Though election results were announced in October, there is as yet no government in Iraq, UN Secretary General’s envoy to Iraq, Jeannine Hennis-Plasschaert told the UN Security Council, and she pointed out that 40 million Iraqi’s are looking for jobs and economic opportunities and jobs. She also pointed out that a political vacuum would make Iraq vulnerable to terrorist attacks. According to a UN report Daesh had carried out 120 attacks on Iraqi security forces in the three months. Hennis-Plasschaert praised Iraq for repatriating Iraqi nationals — 450 families and 1800 people — from the camps in north-east Syria where foreign terrorists with the families have been detained. Iraq’s battle against terrorism is not over.
The political stalemate seems to arise out of Shia cleric Moqtada Al-Sadr trying to form a majority government with the help of Taqaddum Party of Sunni Speaker Mohammed Al-Halbousi and Kurdistan Democratic Party. On the other hand, the pro-Iran Shia parties are demanding a consensus government. According to the 2005 constitution, the prime minister will be a Shia, the parliament speaker will be a Sunni and the president will be a Kurd.
The Federal Supreme Court has made matters worse as it were when it debarred Kurdistan Democratic Party’s presidential candidate Hoshyar Zabari from contesting for the post due to allegations of corruption. This is a setback to the efforts of Moqtada Al-Sadr to form a government.
Meanwhile, the Iraq Supreme Court had earlier this week struck down the Kurdish region’s independent oil policy. It has raised concern in the Kurdish region.

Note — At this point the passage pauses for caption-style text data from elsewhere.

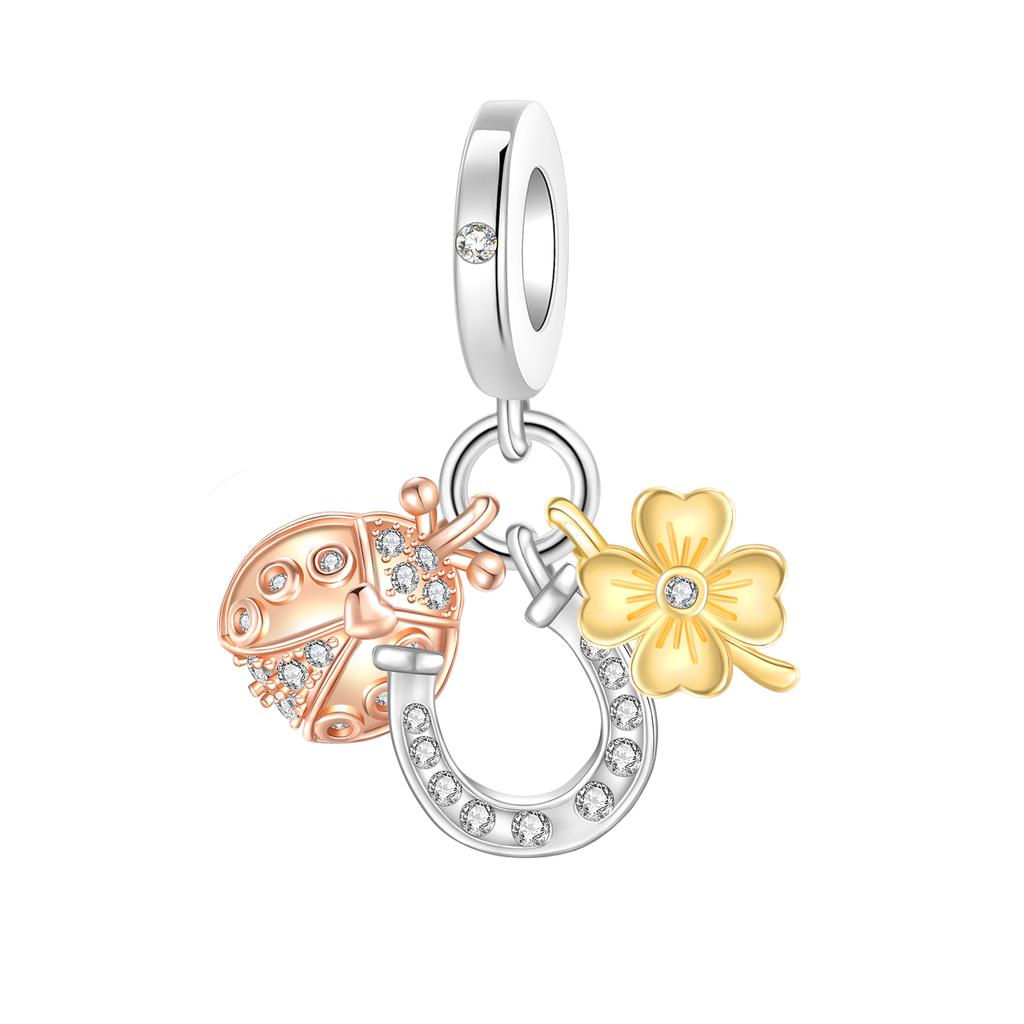 Luckly Four Leaf Shamrock Dangle Charm Copper Family Tree Flower Bead Pendant Compatible With Authentic Bracelets Necklaces Jewellery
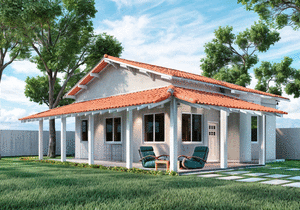 Planta de casa com 2 quartos e 1 suíte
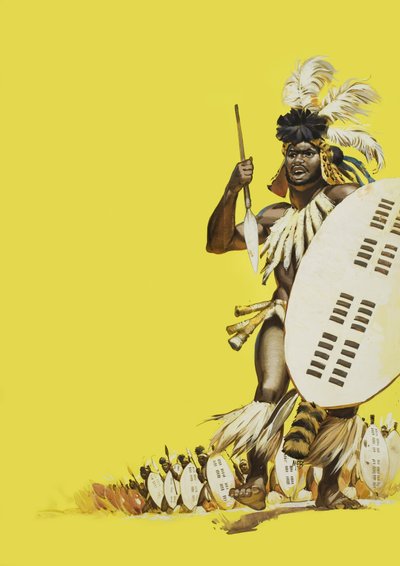 Zulu Warriors (gouache på papir) af Angus McBride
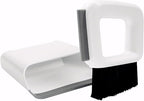 Compact Dustpan and Broom Set with Scrubber TPR Handle ABS Nylon Design Space Saving for Kitchen Bathroom Home Cleaning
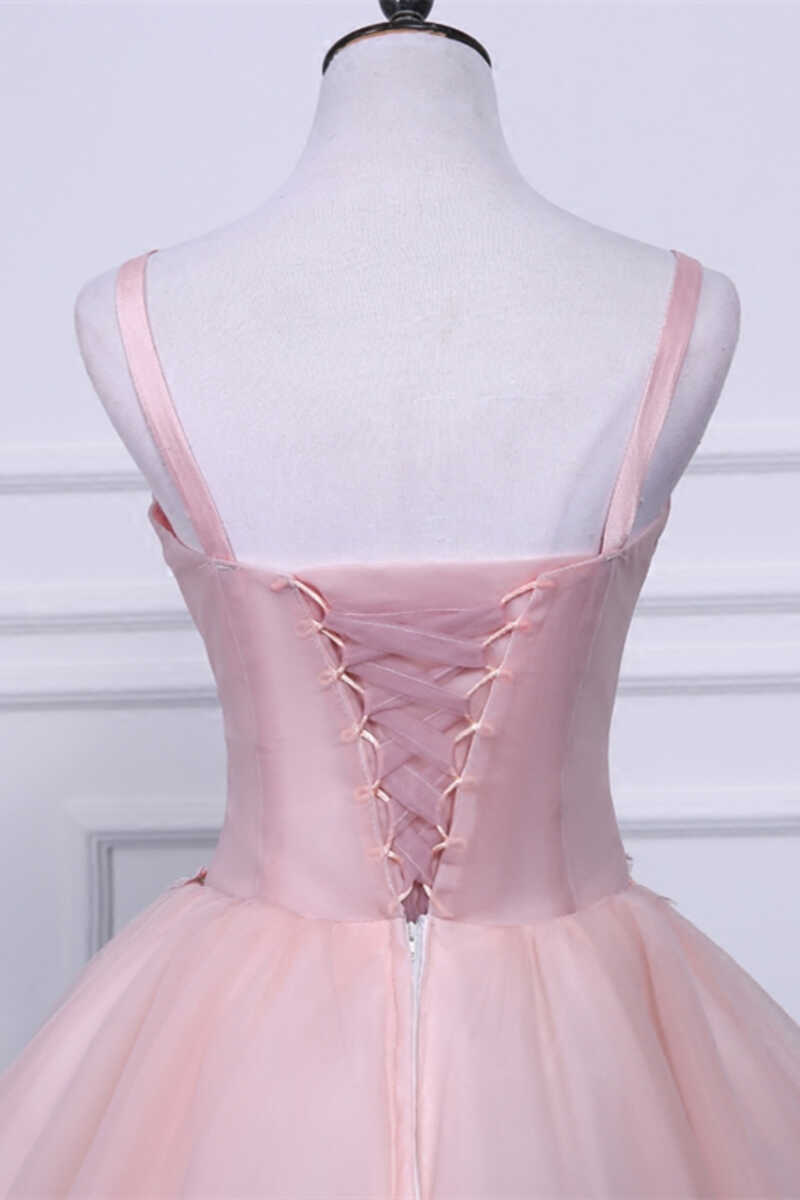 Two-Piece Pink Appliques Straps A-Line Short Party Dress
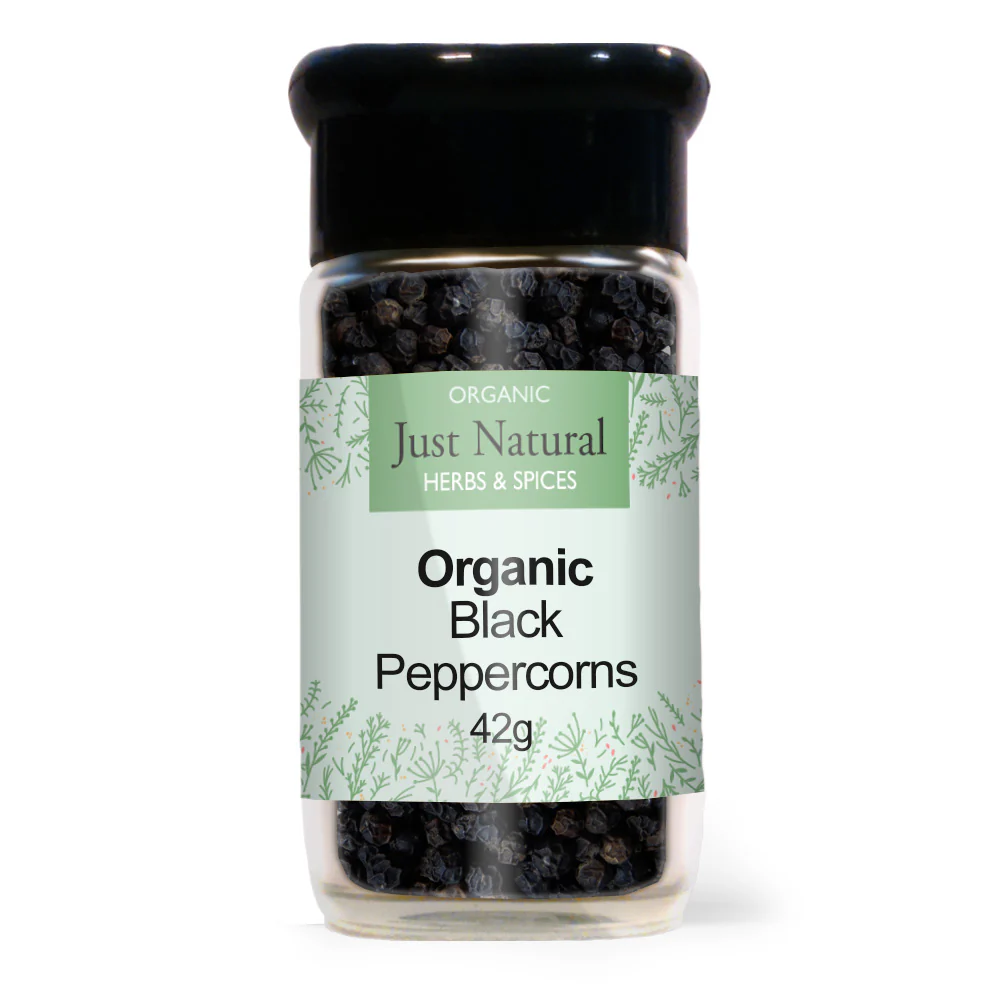Just Natural Peppercorns Black (jar) 50g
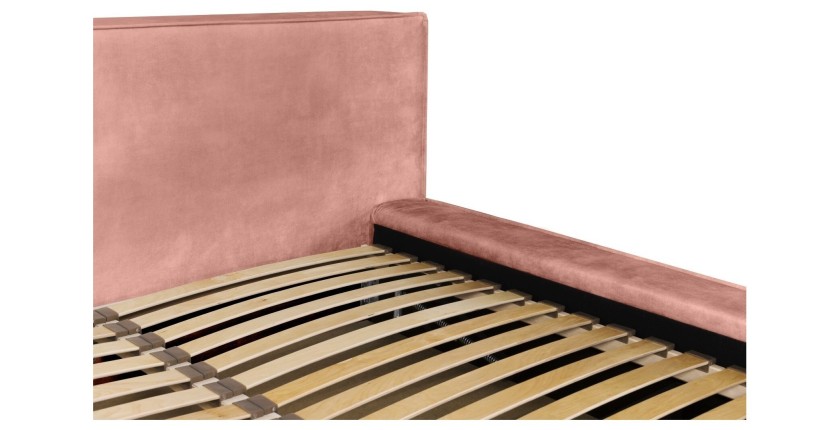 Lit coffre DENALI – Corail – 180x200 cm – Tissu velours doux – Sommier relevable – Rangement intégré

President of the Kurdish region Nechrivan Barzani said, “At a time when Iraq is passing through a turbulent political period, it is unfortunate that the ruling of the Federal Supreme Court deems the Kurdistan Region’s oil and gas law unconstitutional, causing the Kurdistan region great concern.”
The 2005 constitution says that the regions have a degree of independence over oil but that the government should frame a law indicating the specifics. The law has not been made. Meanwhile, the Kurdish Region has earned $750 million per month in 2021 through its oil exports via Turkey. A conflict between the Kurdish region and the federal government in Baghdad could create fresh problems for the country. The court’s ruling has come in a decade-long suit filed by the federal government against the Kurdish region. The case was suspended at its last hearing in September 2021 and then prime minister Adil Abdul-Mahdi was asked to sign off on pressing the case. The timing of the court’s verdict has come as a surprise and puzzle to the observers in the country.

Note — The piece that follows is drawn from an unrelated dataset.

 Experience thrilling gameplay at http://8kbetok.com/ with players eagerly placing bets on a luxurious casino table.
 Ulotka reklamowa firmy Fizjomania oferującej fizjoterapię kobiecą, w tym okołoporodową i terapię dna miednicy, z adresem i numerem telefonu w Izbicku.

Iraq then is not come out of the crisis that has dogged it for years, especially through the 1990s when the country had to endure economic sanctions after Saddam Hussein’s attack on Kuwait in 1990, and after the Western troops went into the country in2003 to depose the Saddam Hussein regime. Iraq has not found political or economic stability in these years. And the challenge rests squarely with Iraq’s political leaders. In a democratic setup, it is inevitable there would be political competition of an intense kind and is good for the polity as well. People will get to hear different points of view.
But this very pluralism should not become a liability if no compromises are made and no decisions for the welfare of the people are made. It is indeed a positive sign that Iraq has not returned to any kind of dictatorship, and that democratic politics guide the country. It is however necessary that democracy should help people to improve their economic conditions and their quality of life.